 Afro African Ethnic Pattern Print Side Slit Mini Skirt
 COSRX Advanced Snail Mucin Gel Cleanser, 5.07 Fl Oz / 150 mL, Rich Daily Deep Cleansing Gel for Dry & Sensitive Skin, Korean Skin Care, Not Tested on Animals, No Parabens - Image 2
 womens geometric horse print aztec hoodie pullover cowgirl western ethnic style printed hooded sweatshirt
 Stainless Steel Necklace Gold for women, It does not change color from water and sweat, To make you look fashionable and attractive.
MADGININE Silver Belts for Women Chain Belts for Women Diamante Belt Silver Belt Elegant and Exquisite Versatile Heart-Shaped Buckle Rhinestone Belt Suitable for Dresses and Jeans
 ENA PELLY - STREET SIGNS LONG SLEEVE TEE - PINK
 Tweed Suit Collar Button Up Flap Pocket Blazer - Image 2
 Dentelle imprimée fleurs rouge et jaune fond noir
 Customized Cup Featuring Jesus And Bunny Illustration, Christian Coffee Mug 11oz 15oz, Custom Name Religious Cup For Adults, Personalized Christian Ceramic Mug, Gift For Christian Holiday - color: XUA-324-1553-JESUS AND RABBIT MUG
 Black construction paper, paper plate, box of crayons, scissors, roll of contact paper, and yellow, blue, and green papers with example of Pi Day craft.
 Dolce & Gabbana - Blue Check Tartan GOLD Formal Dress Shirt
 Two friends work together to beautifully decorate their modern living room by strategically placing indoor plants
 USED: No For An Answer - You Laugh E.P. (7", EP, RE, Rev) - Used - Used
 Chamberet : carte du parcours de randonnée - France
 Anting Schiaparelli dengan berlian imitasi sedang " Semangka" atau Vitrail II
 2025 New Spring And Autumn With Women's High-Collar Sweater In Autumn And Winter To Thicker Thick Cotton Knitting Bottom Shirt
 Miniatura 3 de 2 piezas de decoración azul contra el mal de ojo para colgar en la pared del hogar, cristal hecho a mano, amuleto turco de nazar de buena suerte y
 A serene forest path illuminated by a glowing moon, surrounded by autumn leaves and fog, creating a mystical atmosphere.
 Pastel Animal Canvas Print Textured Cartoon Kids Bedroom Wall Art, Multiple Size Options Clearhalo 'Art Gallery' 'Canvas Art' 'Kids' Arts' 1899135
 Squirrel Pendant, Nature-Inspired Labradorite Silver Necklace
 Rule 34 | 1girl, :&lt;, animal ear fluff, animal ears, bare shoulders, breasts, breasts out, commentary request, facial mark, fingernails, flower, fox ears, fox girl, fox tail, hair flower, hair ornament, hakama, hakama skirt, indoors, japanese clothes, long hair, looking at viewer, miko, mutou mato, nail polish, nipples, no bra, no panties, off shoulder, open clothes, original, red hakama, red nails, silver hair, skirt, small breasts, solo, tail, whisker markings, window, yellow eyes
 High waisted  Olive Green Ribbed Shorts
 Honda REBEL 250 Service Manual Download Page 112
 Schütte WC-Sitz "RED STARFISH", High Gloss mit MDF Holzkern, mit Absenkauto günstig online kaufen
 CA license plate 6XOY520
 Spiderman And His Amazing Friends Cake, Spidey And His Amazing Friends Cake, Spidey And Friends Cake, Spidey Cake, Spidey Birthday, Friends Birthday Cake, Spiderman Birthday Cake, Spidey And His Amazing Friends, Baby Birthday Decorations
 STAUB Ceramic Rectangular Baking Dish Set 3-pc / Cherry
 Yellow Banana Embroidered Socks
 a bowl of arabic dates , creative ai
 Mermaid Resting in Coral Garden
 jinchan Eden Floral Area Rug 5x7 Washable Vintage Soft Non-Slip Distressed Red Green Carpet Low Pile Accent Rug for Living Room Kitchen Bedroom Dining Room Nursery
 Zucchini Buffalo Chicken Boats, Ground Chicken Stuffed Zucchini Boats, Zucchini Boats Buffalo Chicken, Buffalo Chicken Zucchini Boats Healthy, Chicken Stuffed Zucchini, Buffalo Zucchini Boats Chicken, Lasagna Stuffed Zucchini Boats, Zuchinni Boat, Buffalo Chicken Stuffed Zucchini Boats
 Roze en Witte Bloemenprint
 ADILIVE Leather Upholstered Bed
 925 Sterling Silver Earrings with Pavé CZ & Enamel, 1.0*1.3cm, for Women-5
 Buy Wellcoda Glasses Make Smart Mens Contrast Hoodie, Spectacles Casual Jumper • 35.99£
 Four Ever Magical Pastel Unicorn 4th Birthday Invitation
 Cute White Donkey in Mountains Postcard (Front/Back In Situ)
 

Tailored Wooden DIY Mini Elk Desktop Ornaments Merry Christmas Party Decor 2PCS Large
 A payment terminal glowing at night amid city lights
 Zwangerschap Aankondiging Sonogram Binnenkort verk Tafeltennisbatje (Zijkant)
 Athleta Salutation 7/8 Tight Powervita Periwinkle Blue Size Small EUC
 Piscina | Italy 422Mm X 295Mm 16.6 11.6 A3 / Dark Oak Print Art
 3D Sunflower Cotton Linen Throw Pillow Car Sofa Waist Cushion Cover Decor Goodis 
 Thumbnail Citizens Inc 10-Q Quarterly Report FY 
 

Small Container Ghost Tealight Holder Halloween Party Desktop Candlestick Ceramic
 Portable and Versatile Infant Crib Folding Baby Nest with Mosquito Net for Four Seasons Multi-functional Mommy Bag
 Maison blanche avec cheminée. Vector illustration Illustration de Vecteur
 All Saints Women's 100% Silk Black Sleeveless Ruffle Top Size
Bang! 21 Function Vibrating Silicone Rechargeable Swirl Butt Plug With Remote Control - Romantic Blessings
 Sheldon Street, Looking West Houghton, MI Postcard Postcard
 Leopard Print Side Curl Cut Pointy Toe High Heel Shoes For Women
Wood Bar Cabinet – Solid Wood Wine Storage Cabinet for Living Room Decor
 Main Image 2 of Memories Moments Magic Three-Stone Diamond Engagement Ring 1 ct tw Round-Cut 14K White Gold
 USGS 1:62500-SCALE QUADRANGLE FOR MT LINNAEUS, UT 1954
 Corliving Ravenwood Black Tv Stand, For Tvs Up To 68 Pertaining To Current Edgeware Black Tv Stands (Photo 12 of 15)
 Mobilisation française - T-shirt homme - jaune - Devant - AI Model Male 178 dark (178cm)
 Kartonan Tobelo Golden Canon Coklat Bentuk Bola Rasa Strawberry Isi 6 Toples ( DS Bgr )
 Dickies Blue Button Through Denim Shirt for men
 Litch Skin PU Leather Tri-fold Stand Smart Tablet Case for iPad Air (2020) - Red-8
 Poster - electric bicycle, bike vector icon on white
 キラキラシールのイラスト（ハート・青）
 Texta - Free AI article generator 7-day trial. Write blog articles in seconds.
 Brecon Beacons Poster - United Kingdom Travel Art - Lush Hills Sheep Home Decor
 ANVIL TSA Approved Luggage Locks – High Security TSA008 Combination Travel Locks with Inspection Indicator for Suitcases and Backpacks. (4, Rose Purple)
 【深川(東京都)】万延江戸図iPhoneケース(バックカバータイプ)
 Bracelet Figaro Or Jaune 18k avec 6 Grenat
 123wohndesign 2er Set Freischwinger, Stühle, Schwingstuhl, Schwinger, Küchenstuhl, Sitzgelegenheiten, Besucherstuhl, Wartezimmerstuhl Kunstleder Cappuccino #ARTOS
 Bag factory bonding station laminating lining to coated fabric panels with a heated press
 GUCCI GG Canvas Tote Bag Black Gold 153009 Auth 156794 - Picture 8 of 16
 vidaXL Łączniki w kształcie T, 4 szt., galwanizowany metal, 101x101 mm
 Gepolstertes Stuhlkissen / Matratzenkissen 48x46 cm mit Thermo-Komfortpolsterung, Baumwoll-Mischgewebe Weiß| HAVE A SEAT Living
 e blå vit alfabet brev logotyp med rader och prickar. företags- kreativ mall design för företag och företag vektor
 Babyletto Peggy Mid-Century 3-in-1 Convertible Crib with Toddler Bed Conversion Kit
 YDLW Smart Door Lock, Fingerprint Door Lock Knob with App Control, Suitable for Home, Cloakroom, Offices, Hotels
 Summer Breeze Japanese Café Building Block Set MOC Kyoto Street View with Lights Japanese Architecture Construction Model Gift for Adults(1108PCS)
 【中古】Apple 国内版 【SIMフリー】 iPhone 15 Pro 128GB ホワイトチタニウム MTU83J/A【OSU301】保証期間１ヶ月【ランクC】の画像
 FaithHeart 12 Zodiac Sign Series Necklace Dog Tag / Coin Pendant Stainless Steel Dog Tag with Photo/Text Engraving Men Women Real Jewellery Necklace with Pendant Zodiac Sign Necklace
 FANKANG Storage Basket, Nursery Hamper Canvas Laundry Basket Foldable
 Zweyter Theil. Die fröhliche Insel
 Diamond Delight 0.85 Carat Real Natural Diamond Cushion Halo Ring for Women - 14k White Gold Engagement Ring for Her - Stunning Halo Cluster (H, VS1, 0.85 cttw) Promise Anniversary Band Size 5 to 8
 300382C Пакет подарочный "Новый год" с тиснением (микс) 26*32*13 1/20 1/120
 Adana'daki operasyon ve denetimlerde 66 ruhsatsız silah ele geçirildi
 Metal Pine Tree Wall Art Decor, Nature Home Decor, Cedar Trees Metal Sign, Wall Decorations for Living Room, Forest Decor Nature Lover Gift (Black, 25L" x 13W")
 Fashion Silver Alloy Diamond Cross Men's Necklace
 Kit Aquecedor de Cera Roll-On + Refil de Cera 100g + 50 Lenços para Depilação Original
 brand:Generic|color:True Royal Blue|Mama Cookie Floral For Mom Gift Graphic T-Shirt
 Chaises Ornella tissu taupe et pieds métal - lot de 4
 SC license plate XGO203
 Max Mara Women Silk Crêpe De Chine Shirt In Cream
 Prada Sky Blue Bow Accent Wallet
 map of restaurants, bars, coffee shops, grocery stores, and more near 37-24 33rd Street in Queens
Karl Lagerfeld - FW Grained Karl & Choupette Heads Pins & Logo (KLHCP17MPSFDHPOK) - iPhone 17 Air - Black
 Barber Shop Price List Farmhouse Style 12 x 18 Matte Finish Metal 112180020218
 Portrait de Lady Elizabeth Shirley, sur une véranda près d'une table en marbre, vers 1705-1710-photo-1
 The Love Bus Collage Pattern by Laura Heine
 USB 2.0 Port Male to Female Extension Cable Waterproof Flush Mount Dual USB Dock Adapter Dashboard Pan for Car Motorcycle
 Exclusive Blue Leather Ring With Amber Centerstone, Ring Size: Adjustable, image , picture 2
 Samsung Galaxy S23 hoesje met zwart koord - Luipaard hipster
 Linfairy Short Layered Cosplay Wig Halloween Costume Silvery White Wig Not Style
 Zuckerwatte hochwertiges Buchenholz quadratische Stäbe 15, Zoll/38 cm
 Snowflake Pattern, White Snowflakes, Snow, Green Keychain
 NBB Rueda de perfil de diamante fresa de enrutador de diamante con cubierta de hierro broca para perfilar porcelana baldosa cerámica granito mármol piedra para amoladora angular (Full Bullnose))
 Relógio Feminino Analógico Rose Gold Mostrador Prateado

◆ **DIRECTIONS**:
Exactly and only the lines from the line containing "NBB Rueda de" through the final line of the records above must be returned.

◆ **ANSWER SPACE**:
 NBB Rueda de perfil de diamante fresa de enrutador de diamante con cubierta de hierro broca para perfilar porcelana baldosa cerámica granito mármol piedra para amoladora angular (Full Bullnose))
 Relógio Feminino Analógico Rose Gold Mostrador Prateado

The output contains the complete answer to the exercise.